First on the list is HMS Victory which is the oldest commissioned warship in the British Royal Navy. It has been in its current drydock in the Portsmouth naval base since 1927. I realised that despite my lengthy service at sea, and my remaining enthusiasm for all things nautical I had never visited the Victory. Even when I spent a summer working out of the port I still had not taken to time to make a visit. This was, in a way, due to my lack of enthusiasm for the age of sail, which has changed a bit since I read about the amazing seamanship exhibited by the captains of these ships when they went into battle. If one ship was dismasted another would take it in tow, so that when they sailed past an enemy that vessel would receive broadsides from two ships instead of one.

I had not ever thought about the masts and rigging of the ship until I looked at this photo, and it is obviously missing its topmasts. You would think that sometime in the last 100 odd years they might have replaced them. And I was a bit surprised by the lack of symmetry in the disposition of the main mast. The large spacer between it and the foremast was required so that they had somewhere to stow the small boats, and was more or less standard for the warships of the time.

If you go on board you can see the spot where Nelson fell after being shot by a sniper on the French 74 gunner Redoubtable. But despite this it is not the most exciting ship in the dockyard.

The Mary Rose was recovered from the seabed in the Solent in 1984, and might be Britain’s earliest catalogued marine accident. It was built in 1510, and was the first warship to be fitted with large guns, earlier vessels relying on marksmen in the fore and after castles, and finally on hand to hand combat.

In order to keep the ship stable it was felt that the guns should be set quite low down, and the new carvel construction technique allowed the gun ports to be made watertight. However, when the ship sailed on its maiden voyage the ports were opened to fire a salute, and no-one remembered to close them afterwards. A witness statement suggests that when the sails caught the wind the ship heeled over, and the lower deck was flooded through the ports. The ship continued to heel over, capsized and sank. Oh dear that again!


Back in 1987 I spent the summer as mate of car ferry, running between Gunwharf in Portsmouth and Fishbourne on the Isle of Wight. Each trip across took 45 minutes and we spent half an hour or so unloading and loading the cars coaches and passengers at each end. The ships were powered by three Voith propellers, two at the stern and one in the bow, a configuration which allowed them to be propelled in any direction. While on passage a helmsman took the wheel which operated the two props at the stern in a way which allowed it to be steered in a conventional manner.

When we had cleared Portsmouth Harbour and approaches we would give the order to the helmsman to head for “The Trees” and he would set course for a bit of barren hillside. When I asked why this particular order, the answer was that there used to be trees on top of the hill. When we headed into Portsmouth Harbour we would give the order “Foudroyant” and the helmsman would head for an old wooden warship well up in the anchorage.

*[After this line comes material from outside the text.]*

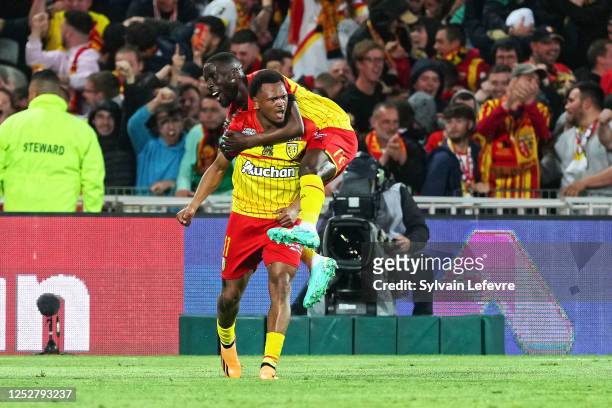 Lois Openda of RC Lens celebrates after scoring his team's second goal during the Ligue 1 match between RC Lens and Olympique Marseille at Stade...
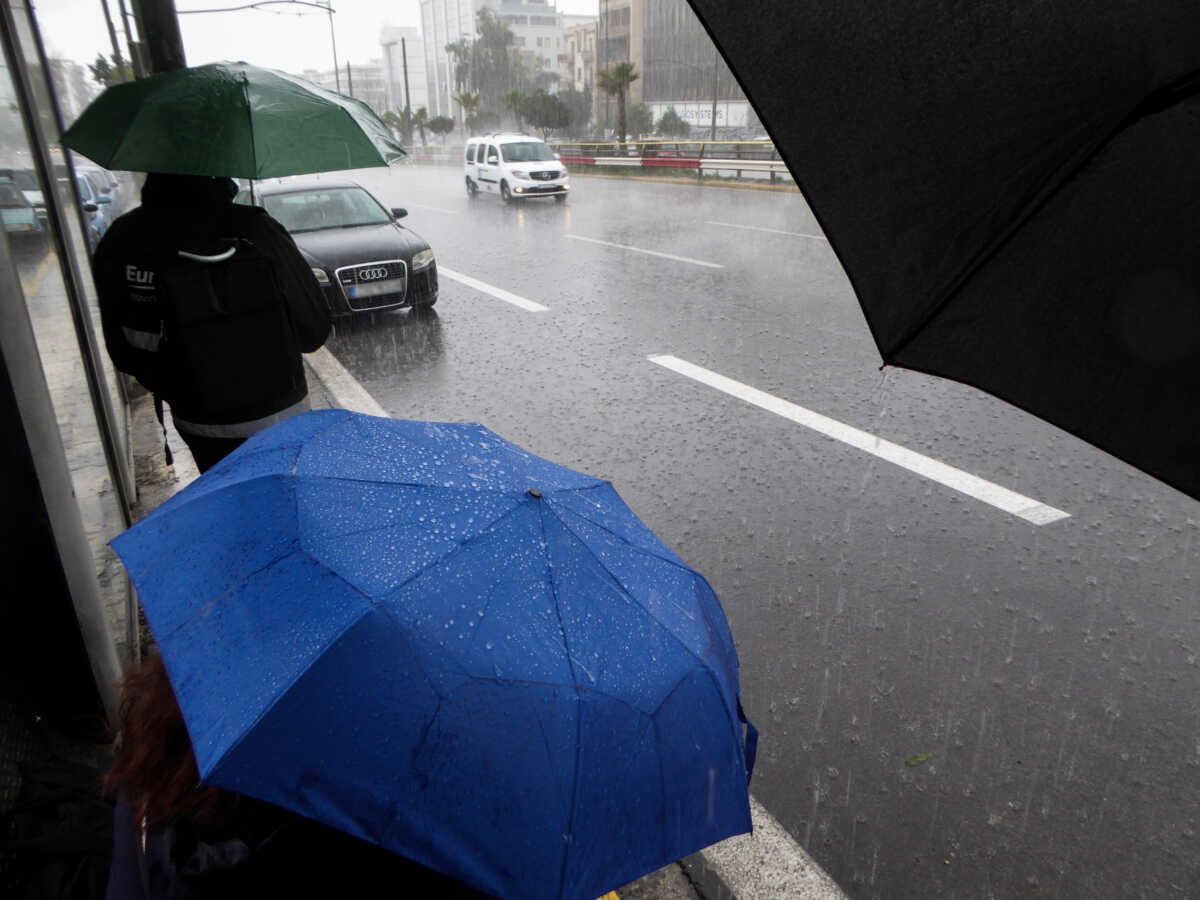 Καιρός – Meteo: Βροχές και καταιγίδες από το μεσημέρι του Σαββάτου έως το βράδυ της Κυριακής – Ποιες περιοχές θα επηρεαστούν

During my period of employment there the Foudroyant was loaded onto a barge and towed away to be restored, leaving an empty space up the harbour. We still told the helmsman to head for Foudroyant, and the man would steer for the empty space.

But, getting to the point, one day when we were going about our day to day activities, churning back and forth across the Solent another barge hove into view, this time with the British navy’s first powered warship, the Warrior, on board. Over a day the barge was submerged and the warship floated off and made fast in the dockyard, and I admit, I never gave it another thought.

When I was talking to a friend before our holiday I said we were probably going to the dockyard and he said what a great day out it was, but that he had not managed to visit the Warrior. So, OK maybe it was not so special I thought, but when we bought tickets we could see the Warrior tied up at the closest berth, so we thought we might as well start there.

I only afterwards have found out something about the ship, and how it comes to be, in my view, the star attraction in the dockyard. It entered service in 1861 and was active for twenty odd years, but never saw action. It was quickly outclassed by later warships fitted with thicker armour and rotating turrets and so the Navy attempted to sell it for scrap. No-one wanted it though and so it became the HMS Vernon torpedo school in 1904.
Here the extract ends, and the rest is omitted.